The application of the pendulum to clocks made them capable of much more accurate timekeeping and the same was true when the balance spring was added to the watch in 1675 – measuring time to within a minute a week.

So, in order for an owner to put his clock right by a sundial, he had to know what the difference should be between his sundial reading and the time shown on his clock.

From the latter part of the seventeenth century, tables were published which gave exactly that information. The table shown here is devised so that when a clock is checked at noon, the table shows what time the clock should show.

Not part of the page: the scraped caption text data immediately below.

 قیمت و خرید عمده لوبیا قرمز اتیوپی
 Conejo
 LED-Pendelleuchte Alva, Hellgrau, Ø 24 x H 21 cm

Trade card of clockmaker George Furnace, watchmaker and engraver of Essex Gate, Dublin, c.1770, showing a used for setting a clock or watch right at 12 noon. © British Museum, Prints & Drawings Banks Collection 39.49
Trade card of clockmaker George Furnace, watchmaker and engraver of Essex Gate, Dublin, c.1770, showing a used for setting a clock or watch right at 12 noon.© British Museum, Prints & Drawings Banks Collection 39.49

From the later part of the 18th century watchmakers would add a circular advertising paper into the outer cases of pair-cased watches and many of these had the equation-of-time table printed on them for easy reference.

Such papers were produced by top London makers such as Vulliamy in Pall Mall and by provincial makers such as Richard Comber of Lewes in Sussex. It was probably Comber’s customers who needed a table more than someone in the centre of London where the church bells offered a huge variety of ‘right’ time. It is worth bearing in mind, too, that the adjustments could only be done when the sun was shining!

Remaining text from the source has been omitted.